:: THE PROBLEM ::
Among the records that follow, set down only the lines from the one containing "Milan, Maxi facade" to the one containing "dining space featuring", both included, exactly.

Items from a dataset
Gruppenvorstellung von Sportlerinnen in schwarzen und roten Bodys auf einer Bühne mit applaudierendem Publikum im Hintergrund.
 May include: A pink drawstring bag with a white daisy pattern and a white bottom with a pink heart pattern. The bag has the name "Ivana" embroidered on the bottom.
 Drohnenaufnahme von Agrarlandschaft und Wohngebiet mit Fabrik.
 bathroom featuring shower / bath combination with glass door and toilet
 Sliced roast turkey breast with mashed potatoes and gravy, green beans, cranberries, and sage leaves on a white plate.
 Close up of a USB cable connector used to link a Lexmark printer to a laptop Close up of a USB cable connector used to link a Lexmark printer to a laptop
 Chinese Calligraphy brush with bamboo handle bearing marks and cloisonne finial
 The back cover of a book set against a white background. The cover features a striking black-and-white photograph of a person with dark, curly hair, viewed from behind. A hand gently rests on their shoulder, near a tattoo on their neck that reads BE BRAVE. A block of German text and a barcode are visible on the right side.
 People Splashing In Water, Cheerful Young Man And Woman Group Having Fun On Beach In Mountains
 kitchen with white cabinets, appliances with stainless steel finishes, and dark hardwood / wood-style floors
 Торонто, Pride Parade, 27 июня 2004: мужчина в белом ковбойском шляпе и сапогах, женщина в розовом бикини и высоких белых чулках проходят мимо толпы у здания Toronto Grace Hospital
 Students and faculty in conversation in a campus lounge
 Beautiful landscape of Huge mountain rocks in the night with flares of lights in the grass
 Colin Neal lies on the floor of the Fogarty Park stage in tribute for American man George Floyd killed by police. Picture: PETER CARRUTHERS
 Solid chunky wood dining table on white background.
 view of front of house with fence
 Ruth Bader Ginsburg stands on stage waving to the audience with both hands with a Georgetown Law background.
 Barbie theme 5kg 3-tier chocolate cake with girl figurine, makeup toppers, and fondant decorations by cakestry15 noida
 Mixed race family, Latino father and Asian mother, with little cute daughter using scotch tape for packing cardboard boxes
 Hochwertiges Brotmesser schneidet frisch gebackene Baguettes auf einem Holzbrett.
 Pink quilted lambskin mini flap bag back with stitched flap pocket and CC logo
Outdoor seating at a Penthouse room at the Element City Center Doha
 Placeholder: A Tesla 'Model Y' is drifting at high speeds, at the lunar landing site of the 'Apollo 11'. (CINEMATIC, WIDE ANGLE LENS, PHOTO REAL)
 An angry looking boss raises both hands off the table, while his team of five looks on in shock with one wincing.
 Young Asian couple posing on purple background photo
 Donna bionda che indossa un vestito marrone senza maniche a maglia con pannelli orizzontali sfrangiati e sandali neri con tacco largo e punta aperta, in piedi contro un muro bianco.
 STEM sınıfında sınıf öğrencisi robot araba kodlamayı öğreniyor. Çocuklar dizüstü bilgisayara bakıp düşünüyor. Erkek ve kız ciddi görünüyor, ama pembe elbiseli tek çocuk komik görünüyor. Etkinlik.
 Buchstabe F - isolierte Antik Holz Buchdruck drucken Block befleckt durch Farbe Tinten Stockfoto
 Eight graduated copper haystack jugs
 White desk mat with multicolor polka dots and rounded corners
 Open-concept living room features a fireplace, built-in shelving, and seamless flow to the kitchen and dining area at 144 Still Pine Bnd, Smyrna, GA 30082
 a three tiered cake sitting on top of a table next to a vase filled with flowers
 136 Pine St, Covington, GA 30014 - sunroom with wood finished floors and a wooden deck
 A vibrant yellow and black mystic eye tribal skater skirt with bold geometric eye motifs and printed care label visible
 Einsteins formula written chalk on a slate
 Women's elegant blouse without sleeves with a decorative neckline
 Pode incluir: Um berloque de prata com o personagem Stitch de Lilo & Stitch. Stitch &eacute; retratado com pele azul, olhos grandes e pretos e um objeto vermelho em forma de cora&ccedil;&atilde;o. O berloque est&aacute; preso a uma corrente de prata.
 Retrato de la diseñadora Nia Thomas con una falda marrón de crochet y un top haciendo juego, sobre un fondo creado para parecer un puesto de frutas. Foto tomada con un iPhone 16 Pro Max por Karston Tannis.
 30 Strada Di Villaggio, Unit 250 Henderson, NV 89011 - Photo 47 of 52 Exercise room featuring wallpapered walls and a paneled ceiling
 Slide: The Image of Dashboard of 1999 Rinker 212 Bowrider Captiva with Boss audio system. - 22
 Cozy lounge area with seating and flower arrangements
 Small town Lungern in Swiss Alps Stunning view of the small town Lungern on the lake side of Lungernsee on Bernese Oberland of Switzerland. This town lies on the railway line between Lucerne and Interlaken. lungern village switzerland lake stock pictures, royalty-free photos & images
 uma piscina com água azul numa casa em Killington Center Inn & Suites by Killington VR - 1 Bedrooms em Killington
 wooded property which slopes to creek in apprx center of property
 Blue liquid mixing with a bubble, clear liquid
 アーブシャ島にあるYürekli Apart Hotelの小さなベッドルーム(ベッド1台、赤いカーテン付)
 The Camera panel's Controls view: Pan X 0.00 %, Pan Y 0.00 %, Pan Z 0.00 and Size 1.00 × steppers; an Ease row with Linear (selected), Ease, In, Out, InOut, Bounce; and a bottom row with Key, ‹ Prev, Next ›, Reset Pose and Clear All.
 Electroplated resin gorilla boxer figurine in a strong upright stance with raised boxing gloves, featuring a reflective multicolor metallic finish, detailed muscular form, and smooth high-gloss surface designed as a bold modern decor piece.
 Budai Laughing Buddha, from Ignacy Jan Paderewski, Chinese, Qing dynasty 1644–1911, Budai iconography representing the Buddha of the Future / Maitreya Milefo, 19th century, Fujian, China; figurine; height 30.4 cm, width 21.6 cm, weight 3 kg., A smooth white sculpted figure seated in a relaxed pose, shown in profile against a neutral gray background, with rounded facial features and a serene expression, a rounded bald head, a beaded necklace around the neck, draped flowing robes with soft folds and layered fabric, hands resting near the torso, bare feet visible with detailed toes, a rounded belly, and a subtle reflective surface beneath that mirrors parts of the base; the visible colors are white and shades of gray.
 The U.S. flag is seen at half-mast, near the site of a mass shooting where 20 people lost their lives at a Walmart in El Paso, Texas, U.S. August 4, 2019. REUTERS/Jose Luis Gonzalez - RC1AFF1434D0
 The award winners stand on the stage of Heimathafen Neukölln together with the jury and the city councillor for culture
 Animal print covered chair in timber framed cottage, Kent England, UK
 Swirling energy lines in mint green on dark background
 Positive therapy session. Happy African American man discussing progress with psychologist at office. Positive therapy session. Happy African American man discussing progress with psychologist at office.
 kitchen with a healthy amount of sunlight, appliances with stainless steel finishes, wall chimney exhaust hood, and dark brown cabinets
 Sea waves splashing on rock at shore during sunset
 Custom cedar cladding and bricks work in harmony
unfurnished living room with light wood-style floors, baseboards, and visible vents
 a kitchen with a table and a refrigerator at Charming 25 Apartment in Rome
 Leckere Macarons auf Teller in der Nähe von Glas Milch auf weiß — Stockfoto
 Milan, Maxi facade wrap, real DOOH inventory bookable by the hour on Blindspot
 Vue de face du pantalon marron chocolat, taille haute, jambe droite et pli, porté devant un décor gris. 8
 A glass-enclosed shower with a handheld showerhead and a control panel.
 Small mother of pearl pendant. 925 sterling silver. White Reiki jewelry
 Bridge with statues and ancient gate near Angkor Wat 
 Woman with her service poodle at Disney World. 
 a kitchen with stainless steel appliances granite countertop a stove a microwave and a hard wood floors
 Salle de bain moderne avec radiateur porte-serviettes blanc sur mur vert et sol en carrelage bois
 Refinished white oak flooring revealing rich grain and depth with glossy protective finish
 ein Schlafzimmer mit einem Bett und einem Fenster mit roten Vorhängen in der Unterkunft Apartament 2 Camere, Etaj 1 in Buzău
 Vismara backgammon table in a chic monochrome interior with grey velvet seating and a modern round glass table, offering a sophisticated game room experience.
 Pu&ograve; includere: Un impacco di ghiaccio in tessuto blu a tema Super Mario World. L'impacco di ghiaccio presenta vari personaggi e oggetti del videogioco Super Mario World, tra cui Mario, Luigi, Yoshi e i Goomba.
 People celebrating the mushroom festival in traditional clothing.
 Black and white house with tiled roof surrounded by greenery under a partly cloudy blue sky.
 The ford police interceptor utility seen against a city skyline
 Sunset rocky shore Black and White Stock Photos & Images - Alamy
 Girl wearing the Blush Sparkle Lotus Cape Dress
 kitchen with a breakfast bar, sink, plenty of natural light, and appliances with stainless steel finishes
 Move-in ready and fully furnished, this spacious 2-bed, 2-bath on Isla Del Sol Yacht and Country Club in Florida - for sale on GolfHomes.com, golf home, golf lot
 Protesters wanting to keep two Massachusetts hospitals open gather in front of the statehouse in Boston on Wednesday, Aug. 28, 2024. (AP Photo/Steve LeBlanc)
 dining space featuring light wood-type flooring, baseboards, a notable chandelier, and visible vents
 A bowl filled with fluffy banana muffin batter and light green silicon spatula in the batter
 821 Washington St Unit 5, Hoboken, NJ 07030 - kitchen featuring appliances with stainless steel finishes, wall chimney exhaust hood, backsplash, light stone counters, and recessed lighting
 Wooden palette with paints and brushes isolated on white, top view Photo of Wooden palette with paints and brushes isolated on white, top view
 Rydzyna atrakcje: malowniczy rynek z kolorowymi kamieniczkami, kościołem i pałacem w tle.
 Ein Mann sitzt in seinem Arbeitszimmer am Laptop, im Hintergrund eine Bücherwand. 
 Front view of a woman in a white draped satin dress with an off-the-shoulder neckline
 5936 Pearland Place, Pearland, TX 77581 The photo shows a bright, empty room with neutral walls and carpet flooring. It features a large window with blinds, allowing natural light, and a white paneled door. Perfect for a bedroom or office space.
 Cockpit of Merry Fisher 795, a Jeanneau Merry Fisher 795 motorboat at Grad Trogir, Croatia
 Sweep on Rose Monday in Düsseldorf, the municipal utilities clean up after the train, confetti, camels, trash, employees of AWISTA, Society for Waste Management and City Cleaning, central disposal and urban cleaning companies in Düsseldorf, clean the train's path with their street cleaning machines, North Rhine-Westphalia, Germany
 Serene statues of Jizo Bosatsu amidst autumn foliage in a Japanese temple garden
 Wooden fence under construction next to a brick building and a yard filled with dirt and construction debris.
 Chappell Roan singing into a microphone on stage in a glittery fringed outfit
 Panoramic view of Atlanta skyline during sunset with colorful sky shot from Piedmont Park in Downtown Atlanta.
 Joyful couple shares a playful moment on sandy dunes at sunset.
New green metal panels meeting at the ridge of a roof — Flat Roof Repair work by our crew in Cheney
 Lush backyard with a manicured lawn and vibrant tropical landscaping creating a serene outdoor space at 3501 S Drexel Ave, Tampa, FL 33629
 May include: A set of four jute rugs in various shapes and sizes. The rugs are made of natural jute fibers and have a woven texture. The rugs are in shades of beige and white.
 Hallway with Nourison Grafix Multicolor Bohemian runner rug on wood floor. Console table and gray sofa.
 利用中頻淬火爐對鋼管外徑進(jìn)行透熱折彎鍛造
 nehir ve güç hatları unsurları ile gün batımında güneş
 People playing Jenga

:: RESULT ::
 Milan, Maxi facade wrap, real DOOH inventory bookable by the hour on Blindspot
 Vue de face du pantalon marron chocolat, taille haute, jambe droite et pli, porté devant un décor gris. 8
 A glass-enclosed shower with a handheld showerhead and a control panel.
 Small mother of pearl pendant. 925 sterling silver. White Reiki jewelry
 Bridge with statues and ancient gate near Angkor Wat 
 Woman with her service poodle at Disney World. 
 a kitchen with stainless steel appliances granite countertop a stove a microwave and a hard wood floors
 Salle de bain moderne avec radiateur porte-serviettes blanc sur mur vert et sol en carrelage bois
 Refinished white oak flooring revealing rich grain and depth with glossy protective finish
 ein Schlafzimmer mit einem Bett und einem Fenster mit roten Vorhängen in der Unterkunft Apartament 2 Camere, Etaj 1 in Buzău
 Vismara backgammon table in a chic monochrome interior with grey velvet seating and a modern round glass table, offering a sophisticated game room experience.
 Pu&ograve; includere: Un impacco di ghiaccio in tessuto blu a tema Super Mario World. L'impacco di ghiaccio presenta vari personaggi e oggetti del videogioco Super Mario World, tra cui Mario, Luigi, Yoshi e i Goomba.
 People celebrating the mushroom festival in traditional clothing.
 Black and white house with tiled roof surrounded by greenery under a partly cloudy blue sky.
 The ford police interceptor utility seen against a city skyline
 Sunset rocky shore Black and White Stock Photos & Images - Alamy
 Girl wearing the Blush Sparkle Lotus Cape Dress
 kitchen with a breakfast bar, sink, plenty of natural light, and appliances with stainless steel finishes
 Move-in ready and fully furnished, this spacious 2-bed, 2-bath on Isla Del Sol Yacht and Country Club in Florida - for sale on GolfHomes.com, golf home, golf lot
 Protesters wanting to keep two Massachusetts hospitals open gather in front of the statehouse in Boston on Wednesday, Aug. 28, 2024. (AP Photo/Steve LeBlanc)
 dining space featuring light wood-type flooring, baseboards, a notable chandelier, and visible vents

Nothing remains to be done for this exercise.